BIOGEOCHEMICAL MODELING OF UNDERGROUND HYDROGEN STORAGE IN ILLINOIS BASIN SANDSTONES

Hydrogen (H₂) is an energy carrier that provides an opportunity for the energy sector to accelerate large-scale decarbonization. When coupled with other renewable energy, H₂ serves as a battery analog through power-to-gas technology, where surplus electricity is used to produce H₂ gas via electrolysis. Then, the gas can be stored in the subsurface and recovered during high energy demand. H₂ has been successfully stored in salt caverns in the U.S. since the 1980s, however, the feasibility of H₂ underground storage in siliciclastic formations requires assessment. Recent findings indicate that injecting H₂ into a sandstone reservoir might trigger biogeochemical reactions that could consume H₂, leading to commodity and energy loss. Laboratory experimental studies show that the risk of H₂ loss due to abiotic geochemical reactions is negligible in sandstone reservoirs under 100℃; however, biotic geochemical reactions involving microbes (e.g., methanogens, acetogens, etc.) are likely to consume H₂ and generate byproducts under conditions amenable to microbial growth.

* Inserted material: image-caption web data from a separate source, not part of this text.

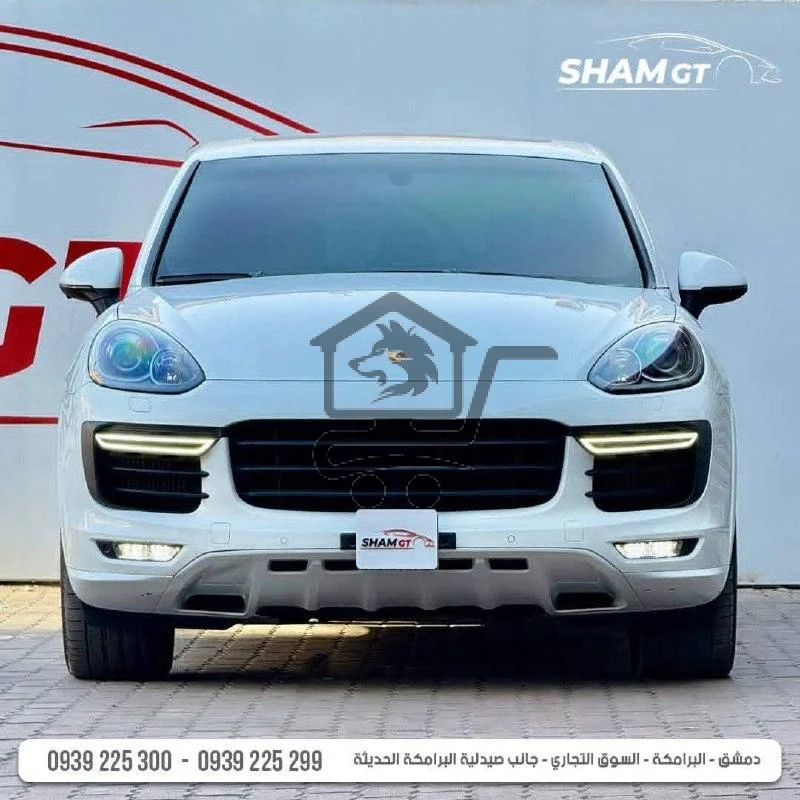 Porsche Cayenne GTS - الصورة 1
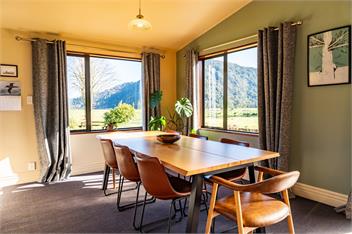 Waimanu Guest House - 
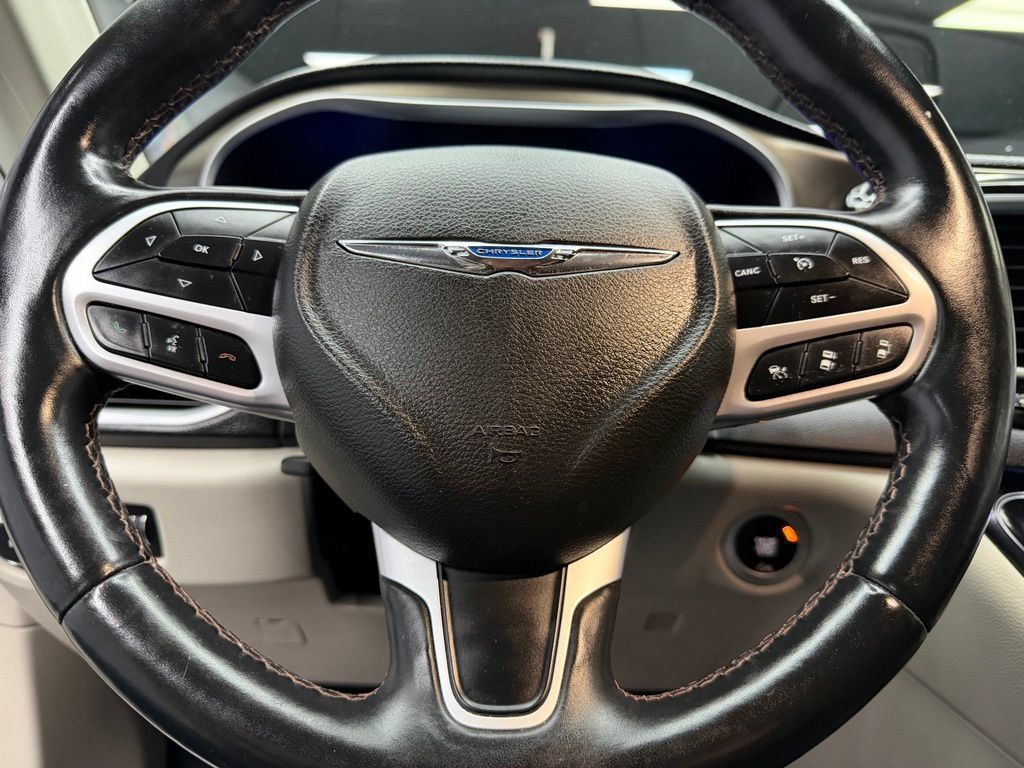 Used 2018 Chrysler Pacifica Touring-L Plus w/ Advanced Safetytec Group FWD image 22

Here, we investigate the potential for reservoir biogeochemical reactions to consume H₂ through thermodynamic and kinetic modeling of two reservoirs in the Illinois Basin using the software, Geochemist’s Workbench (GWB). The studied reservoirs are depleted hydrocarbon reservoirs in the Aux Vases and Cypress Sandstones, which have been converted to underground natural gas storage facilities. Water chemistry, mineralogy, and reservoir parameters (e.g., temperature, pressure) used in this modeling were sourced from literature and available databases for the Illinois Basin. By using biogeochemical modeling, we initially assess (i.e., ahead of laboratory experiments) the extent to which H₂ may be consumed by microbial activity under reservoir conditions. Furthermore, we are evaluating the kinetics of H₂-consuming reactions to better determine the importance and rate of these reactions. Simulating H₂ reactivity in the subsurface provides insights into the viability and potential issues associated with utilizing candidate reservoirs for subsurface H₂ storage.